What is your family’s early relationship with Jaguar?

Prince Chula and his cousin, Prince Bira (royalty from what was then the Kingdom of Siam, now Thailand), ran a race team prewar, racing ERAs. Then I found out that Lofty England, who became managing director of Jaguar after William Lyons, had worked for Prince Bira. So, a previous Jaguar MD (CEO) worked for one of my great-great uncles.

Just after the war, when Jaguar was experimenting and thinking about racing, they entered three Jaguar XK120s in a race at Silverstone. Prince Bira was one of the drivers. The three cars did extremely well, and Prince Bira actually led the race. So, in a very tenuous link to me, the first Jaguar racing car to actually lead a race was driven by one of my family members.
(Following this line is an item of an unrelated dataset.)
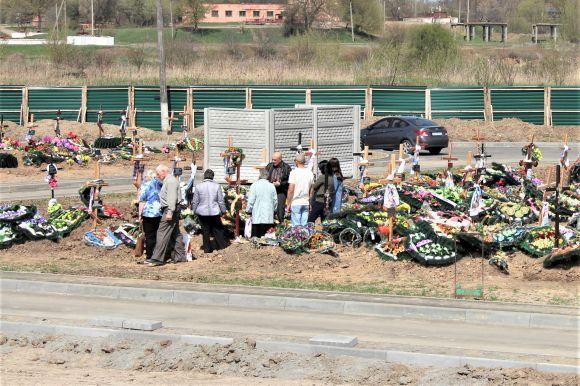 Новини Вінниці - фото з Без протестів і натовпу: перші проводи на новому цвинтарі у Сабарові Без протестів і натовпу: перші проводи на новому цвинтарі у Сабарові, фото №3 на сайті 20minut.ua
Unfortunately, he got a flat tire and didn’t win. I have a picture in my office of that scene, that race – of Prince Bira in the XK120 at Silverstone.
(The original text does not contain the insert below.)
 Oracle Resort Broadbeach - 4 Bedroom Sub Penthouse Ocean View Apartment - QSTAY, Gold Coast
Now that you are at the helm of Jaguar’s design, how do you see it evolving?

Jaguar needs to shift up a gear. The world is changing enormously, in terms of technology – sharing, autonomous, electric. It is also changing in attitudes to wealth, status and the environment. At events like Pebble Beach and Villa d’Este, seeing so many people who are just so into cars reignites my love for the automobile. But then they see a modern car and are thinking, “That’s not as beautiful.”
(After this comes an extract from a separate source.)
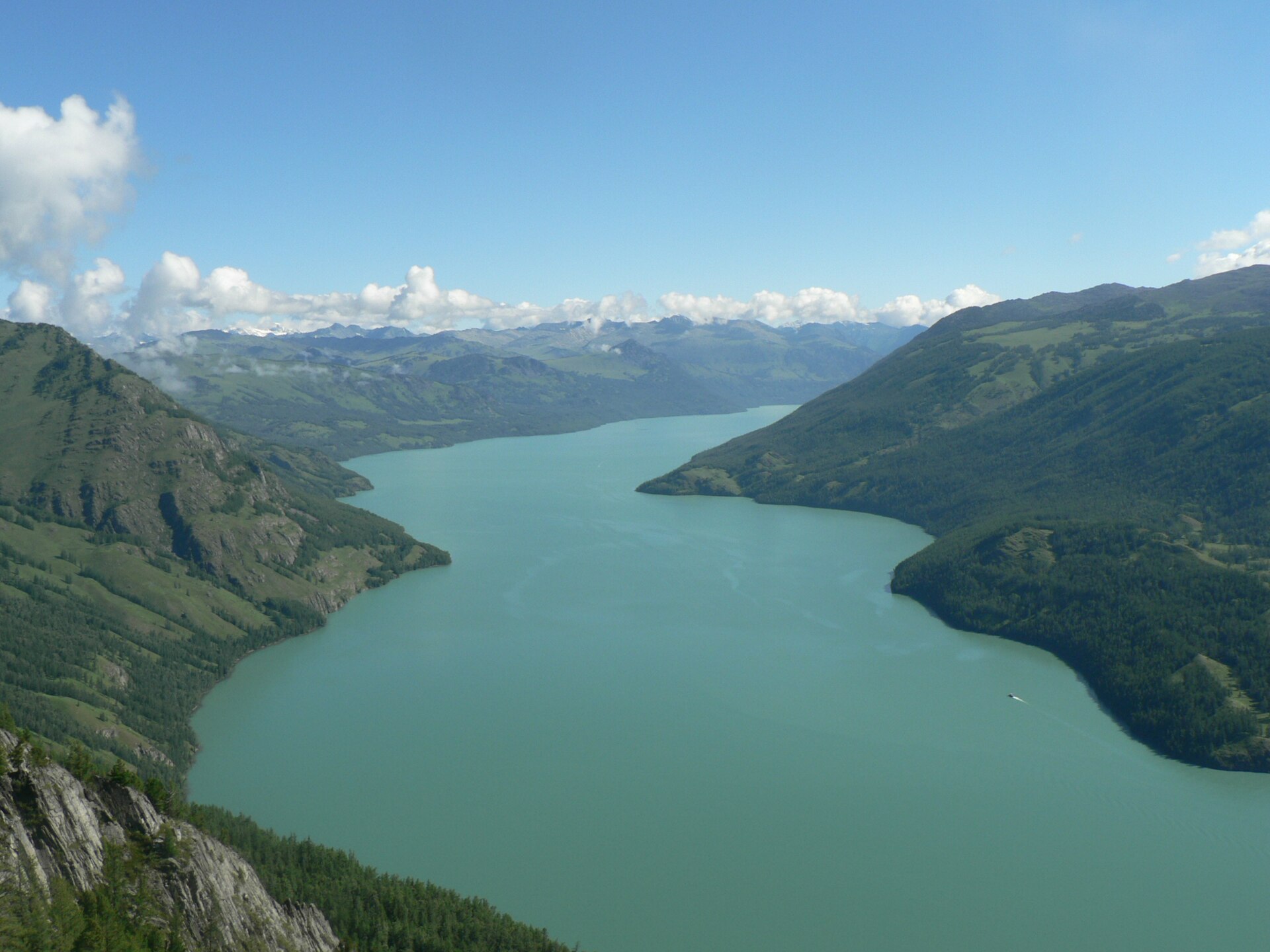 Kanas und die Lichter über dem Bergsee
How we try to recreate that same emotional connection with a modern customer, that love for a product, Jaguar has always been about that. We have never been overtly flashy, or brash, or noisy, or the most powerful. We have been about the most beautiful – the most beautiful to look at, and to drive. We are going to experiment a little bit now. The time is right for us to step back, the time is right for us to change.

What will be your approach?

The customers would be disappointed if we didn’t experiment. We have a new team and we need to build back Jaguar’s aura. You can never imagine William Lyons getting a Rover into his workshops and copying it. We have an industry that is so complex, so competitive that we can’t help but look at other company’s cars. But we have to stop doing that for a bit and spend more time just thinking about invention, having a little more insight into the market.

How are you inspired by Jaguar’s models from the Golden Age of motorsports and the people that developed them?

When you here about cars like the XK120 and the E-Type, when they put them out in shows, they didn’t know if they were good or bad. They stood back and waited to see what would happen. It wasn’t calculated. They did what they thought was right… that element of risk and invention.

As electric cars change the market, where does the I-Pace fit in Jaguar’s legacy?

In more established electric vehicle markets, like Norway, whenever I speak to those customers, none of them would ever consider going back to an internal combustion engine. The challenge has always been how we make that experience “Jaguar.” If the experience is all about efficiency, quiet, no noise, no leaky oil, it’s less of an automotive experience. How do you really make it count?

We hemmed and hawed about whether we should go electric, whether we could make an electric Jaguar which is genuinely Jaguar. The I-Pace presents that with its effortless driving, handling and luxury. We feel we can add to that with more luxury, more serenity, but also this effortless power.